▶ **Work required**: Leave out the pictures, and retype the remaining data exactly.

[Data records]
*** Begin section ***

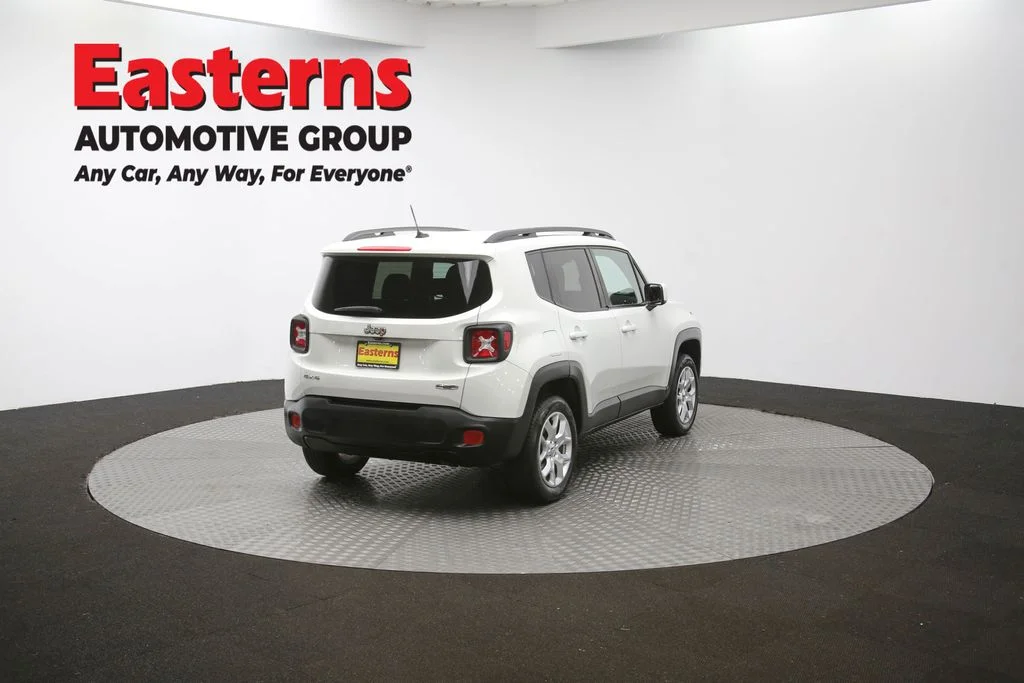 Used 2017 White Jeep Latitude image 38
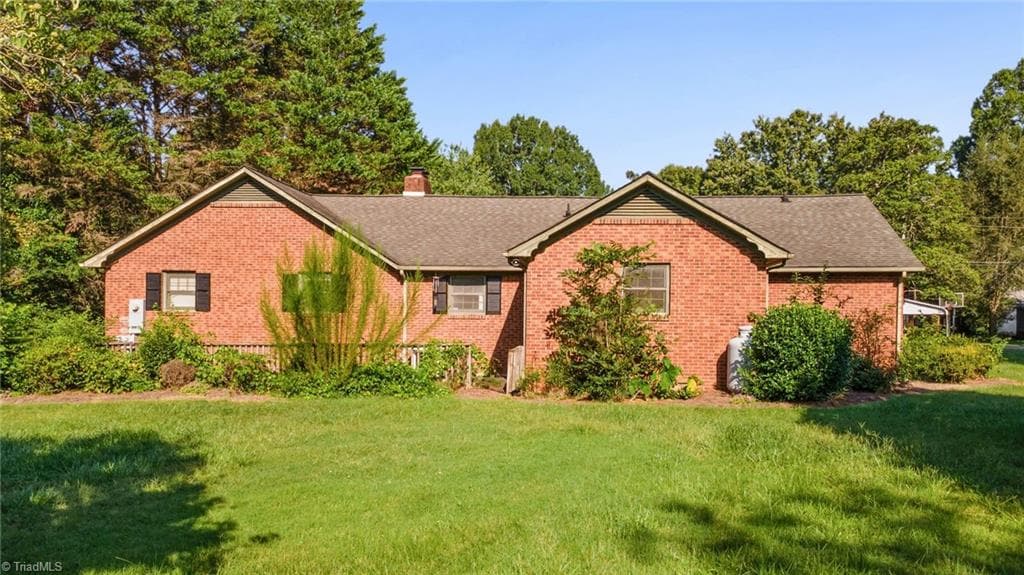 Stick/Site Built at 175 Circle Drive, Mocksville NC 27028, photo 7 of 50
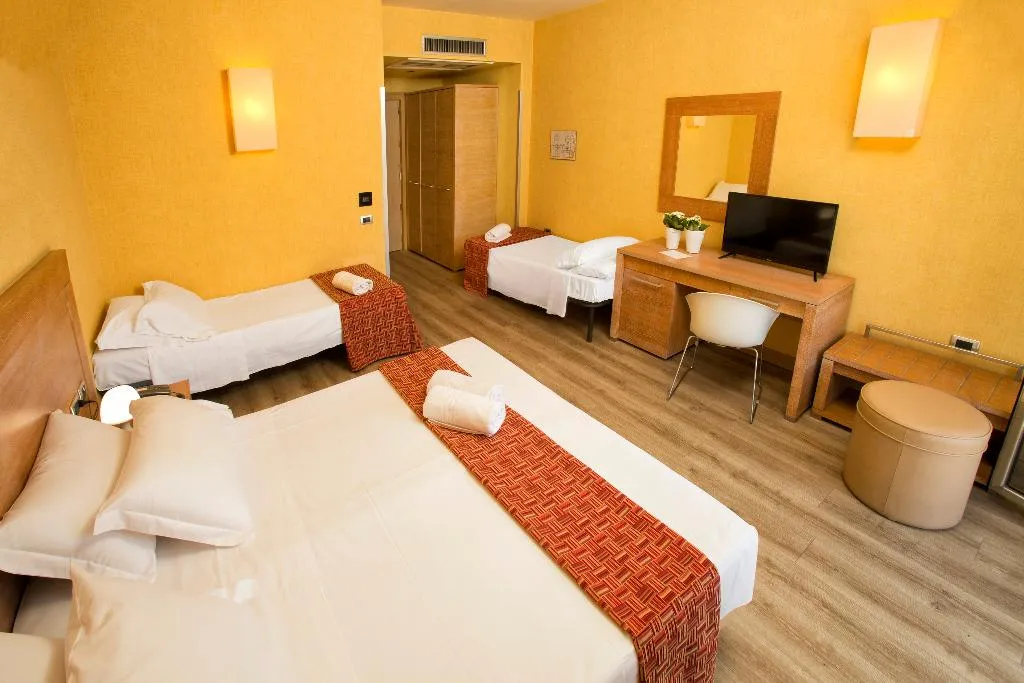 QUADRUPLE STANDARD Room, Yachting Palace, Taormina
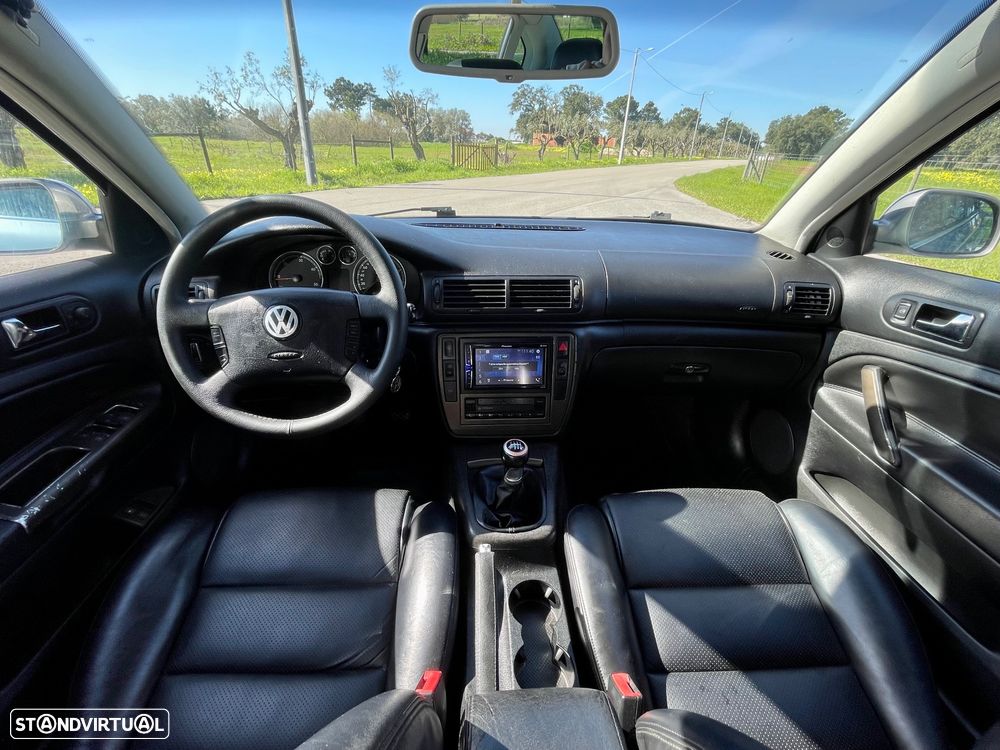 VW Passat 1.9 TDi Highline - 11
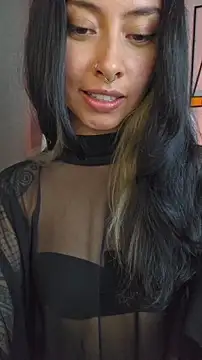 sara-lauren 网络视讯表演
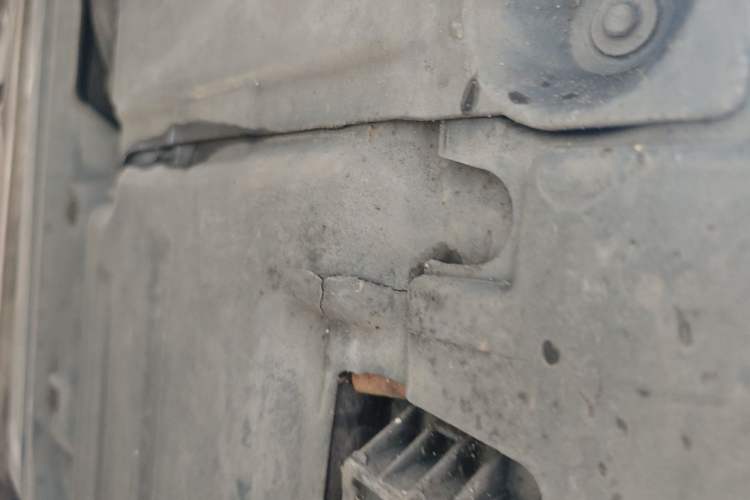 Used BMW X5 2013 xDrive35i Leading Model Chassis Front Left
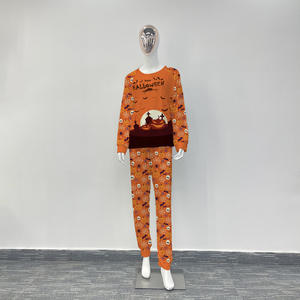 Комплект семейных пижам на Хэллоуин с сублимационной печатью по требованию: пижамы с длинным рукавом и принтом тыквы - Product Image 4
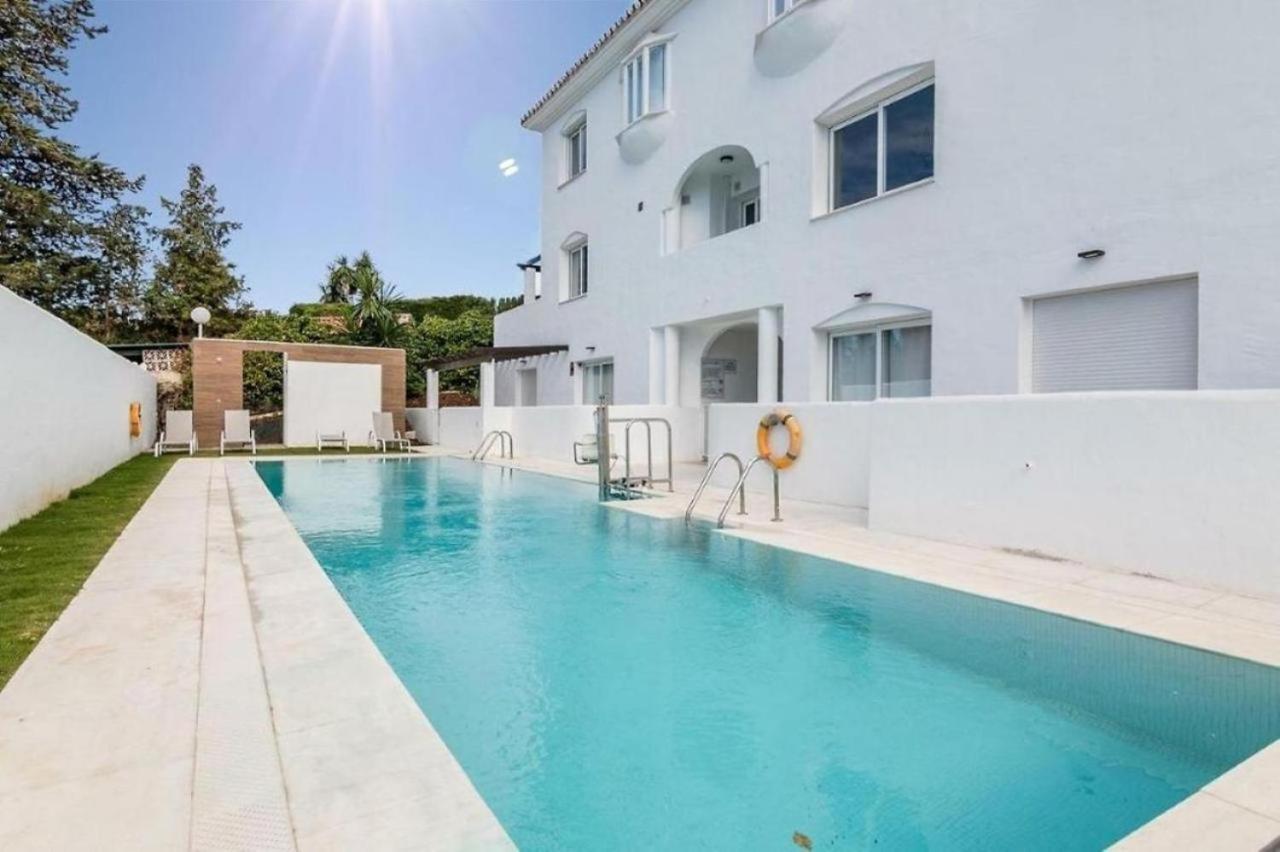 Increible Bajo Con Jardin Y Piscina - Puerto Banus Apartamento *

*** End section ***

▶ **Result of the exercise**:
 Used 2017 White Jeep Latitude image 38
 Stick/Site Built at 175 Circle Drive, Mocksville NC 27028, photo 7 of 50
 QUADRUPLE STANDARD Room, Yachting Palace, Taormina
 VW Passat 1.9 TDi Highline - 11
 sara-lauren 网络视讯表演
 Used BMW X5 2013 xDrive35i Leading Model Chassis Front Left
 Комплект семейных пижам на Хэллоуин с сублимационной печатью по требованию: пижамы с длинным рукавом и принтом тыквы - Product Image 4
 Increible Bajo Con Jardin Y Piscina - Puerto Banus Apartamento *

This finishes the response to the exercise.